Investing.com - Gold prices held near a two-week low struck in the previous session on Wednesday, amid growing prospects the Federal Reserve was on track to raise interest rates later this year.
Expectations of higher borrowing rates going forward is considered bearish for gold, as the precious metal struggles to compete with yield-bearing assets when rates are on the rise.
On the Comex division of the New York Mercantile Exchange, gold futures for August delivery inched up $2.60, or 0.22%, to trade at $1,190.40 a troy ounce during European morning hours.
A day earlier, gold fell to $1,185.60, the lowest level since May 12, before ending at $1,187.80, down $17.10, or 1.42%, after a batch of upbeat U.S. data bolstered the case for a Fed rate hike this year.
Futures were likely to find support at $1,181.00, the low from May 12, and resistance at $1,208.90, the high from May 26.
Also on the Comex, silver futures for July delivery tacked on 0.9 cents, or 0.05%, to trade at $16.75 a troy ounce. Silver hit $16.64 on Tuesday, a level not seen since May 13, before closing down 30.5 cents, or 1.79%, at $16.74.
The euro and the yen pushed higher against the U.S. dollar on Wednesday, as the greenback paused following a rally on the back of expectations for a U.S. rate hike later this year.
The dollar index, which measures the greenback’s strength against a trade-weighted basket of six major currencies, was down 0.3% to 97.10, off the five-week peaks of 97.47 set during the previous session.
The dollar surged on Tuesday after data showed that U.S. business investment plans increased, consumer confidence improved and new home sales jumped.
The upbeat data supported the view that the Federal Reserve could start to raise interest rates later in the year if the economy continues to improve as expected.
Elsewhere in metals trading, copper for July delivery advanced 0.9 cents, or 0.32%, to trade at $2.787 a pound.

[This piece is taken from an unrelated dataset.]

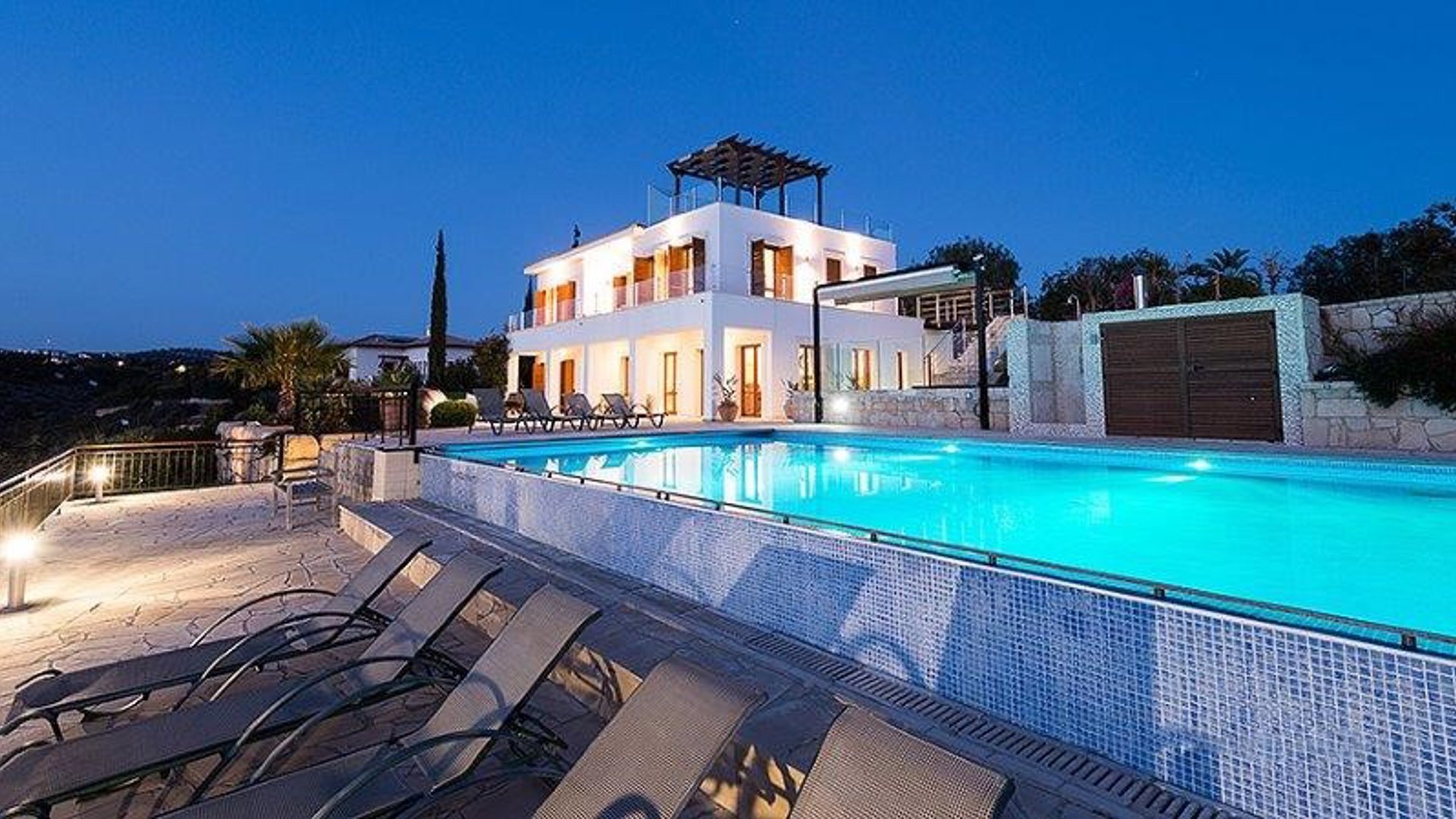 5 bedrooms Villa in Aphrodite Hills, Kouklia, Paphos, Cyprus No. 26199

On Tuesday, prices slumped to $2.773, the weakest level since April 29, before settling at $2.778, down 3.3 cents, or 1.17%.
The threat of an imminent Greek debt default eased after the government expressed confidence that it would make a €305 million payment to the International Monetary Fund due on June 5.
Athens had previously warned that it would be unable to make the repayment if a cash-for-reforms deal with its international lenders was not reached by then.